======== The records ========

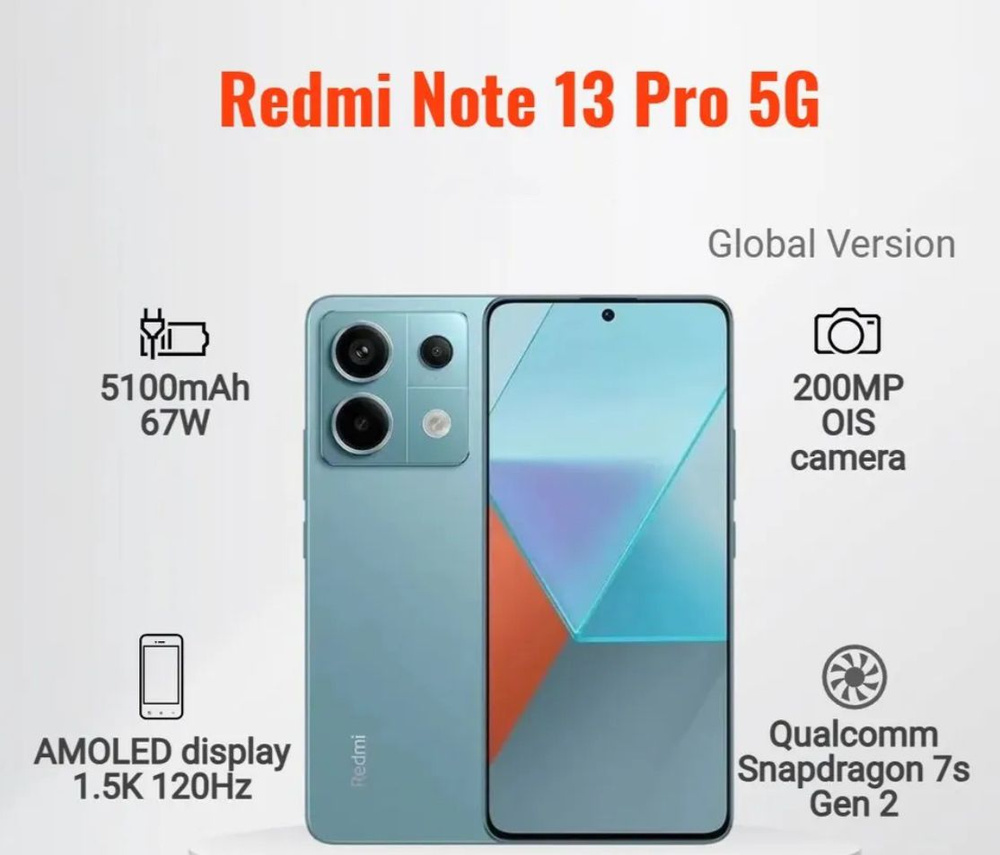 Xiaomi Смартфон Redmi Note 13 Pro（Русский, Google, Dual-SIM） 16/512 ГБ, синий, голубой  #1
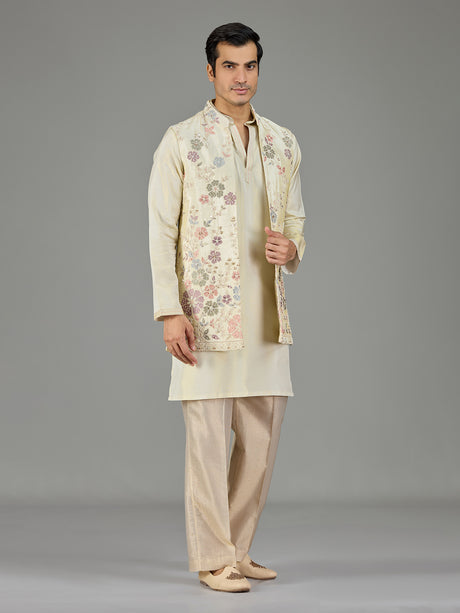 Cream floral embroidered men waistcoat set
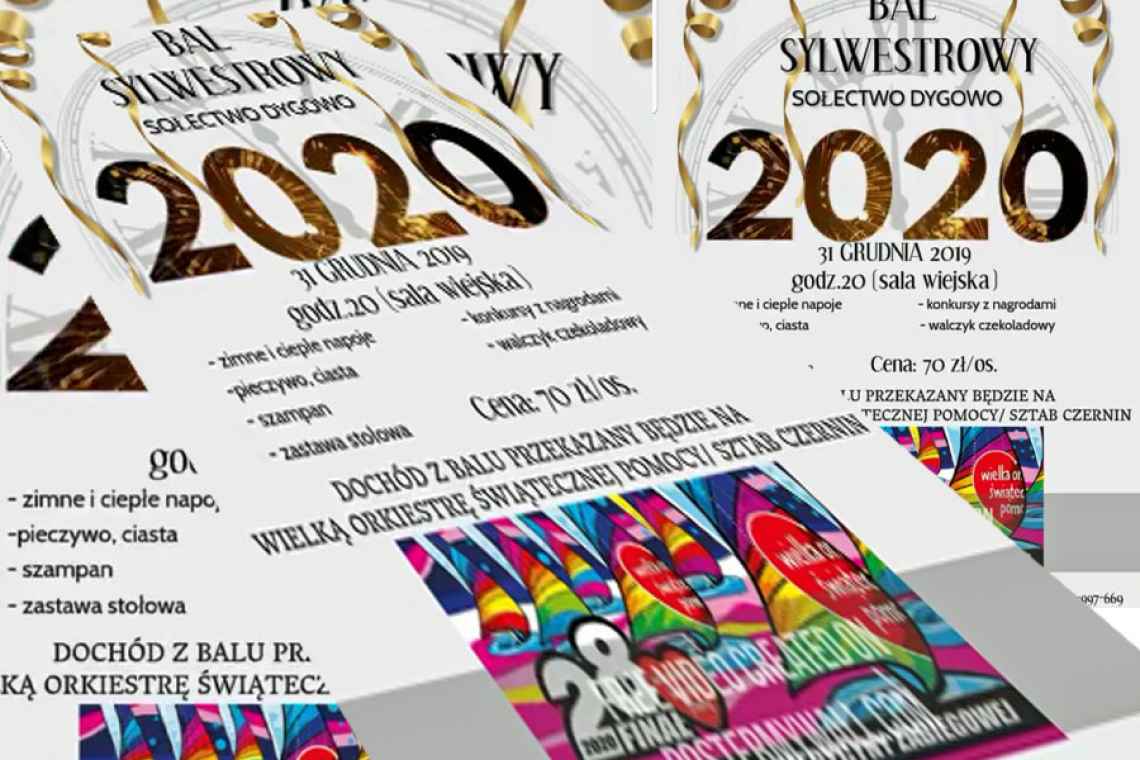 You are currently viewing 31 grudnia, sołectwo Dygowo (sala wiejska), Bal Sylwestrowy, godz. 20, bilety 70 zł (dochód zostanie przekazany na WOŚP)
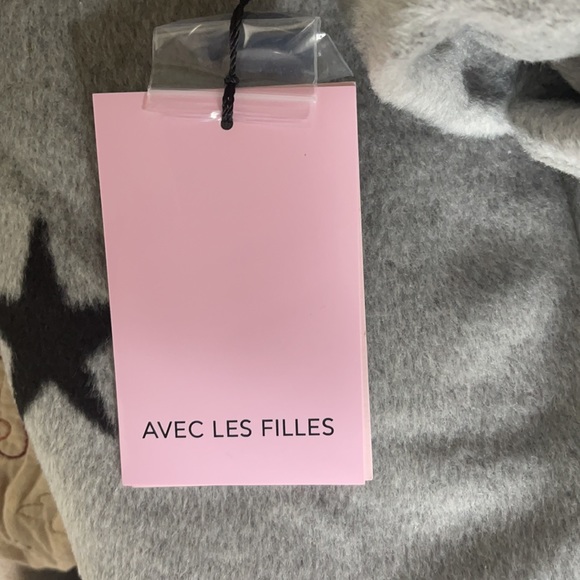 Avec Les Filles Gray Double Face Star Print Cocoon Coat - Picture 6 of 13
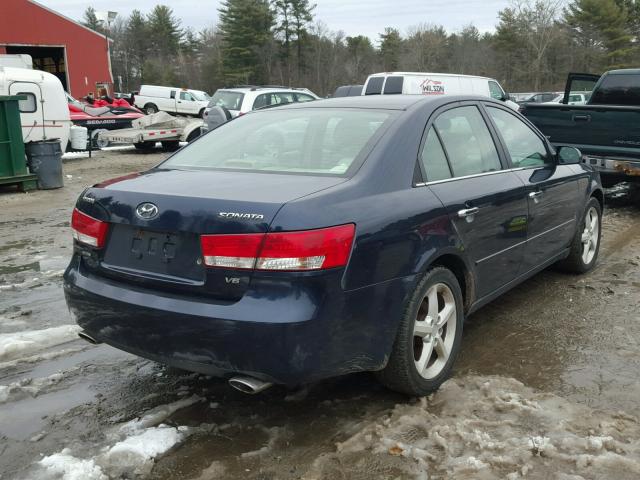 5NPEU46F57H166234 - 2007 HYUNDAI SONATA SE BLUE photo 4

========

- What is being asked:
Beginning with the line with "You are currently", repeat the entries above exactly, up to and including the last line, leaving out pictures.

- Output of the task:
 You are currently viewing 31 grudnia, sołectwo Dygowo (sala wiejska), Bal Sylwestrowy, godz. 20, bilety 70 zł (dochód zostanie przekazany na WOŚP)
 Avec Les Filles Gray Double Face Star Print Cocoon Coat - Picture 6 of 13
 5NPEU46F57H166234 - 2007 HYUNDAI SONATA SE BLUE photo 4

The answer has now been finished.